Armey was roundly criticized by the state’s media for the remark, but in fact, the comment has an element of harsh truth: well-paid lobbyists and right-wing hacks who do corporate America’s legwork in the trenches literally don’t “need” to know anything about the conditions faced by the working class, by underpaid and overworked teachers, by the unemployed or by people who rely on public health services. Their agenda is to produce conditions that maximize profit—not to worry or even think much about those left behind.

None of this should imply, however, that Measure 30 was the expression of an enlightened and progressive state legislature that set out to tip the state’s tax scales in overwhelming favor of the poor and working class. The coalition supporting the measure, including the Democratic governor Ted Kulongoski and the state’s trade union bureaucracy, were unable to offer any serious alternative to the right-wing camp’s demagogic claims that it was defending the interests of “ordinary taxpayers.” Democrats and Republicans alike reject any policies that would force corporations and the wealthy elite to pay for the crisis.
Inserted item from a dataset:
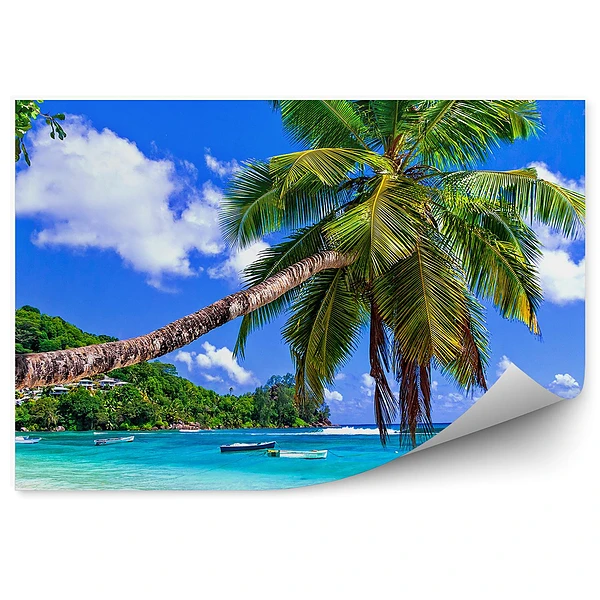 Papier peint Ciel Nuages Plage Tropicale Bateau Montagnes Maisons Arbres Palmiers Océan Mer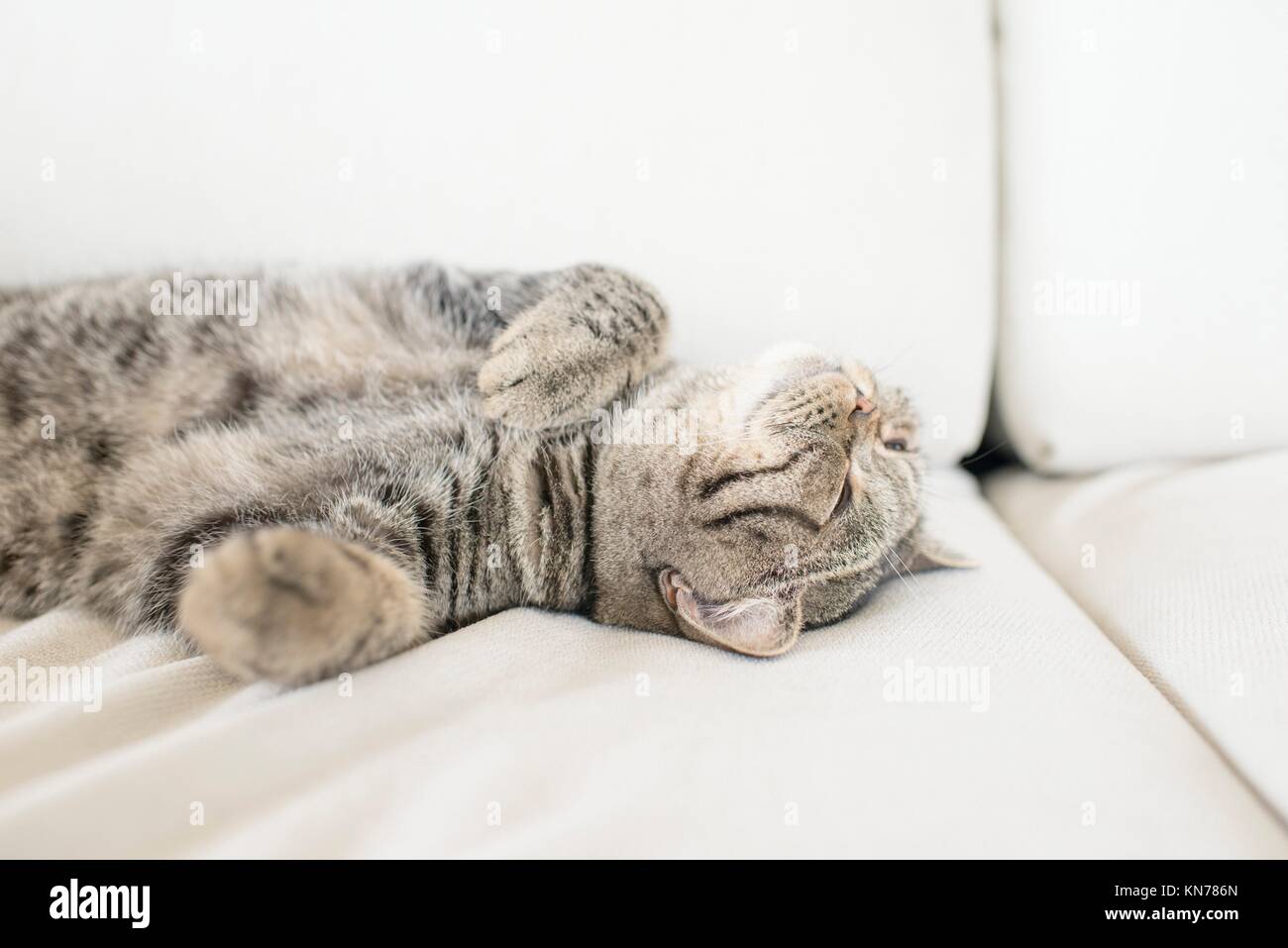 Il gatto domestico in un momento di relax a casa in divano. British Shorthair che sta prendendo un pisolino. Foto Stock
As in other states, corporations in Oregon make extensive use of loopholes to get out of paying taxes. In 2000, for example, 65 percent of the state’s corporations paid no income taxes. Instead, more than 23,000 businesses wrote $10 checks, the minimum required on zero liability. A recent report by the Oregon Office of Economic Analysis showed that corporate tax collections for the two-year budget period ending June 30, 2003, dropped to their lowest levels in a decade.

Measure 30, had it passed, would have rectified this inequity only slightly. The minimum corporate income tax would have been raised to a range of $250 to $500 for some companies, and to a range of $250 to $5,000 for others.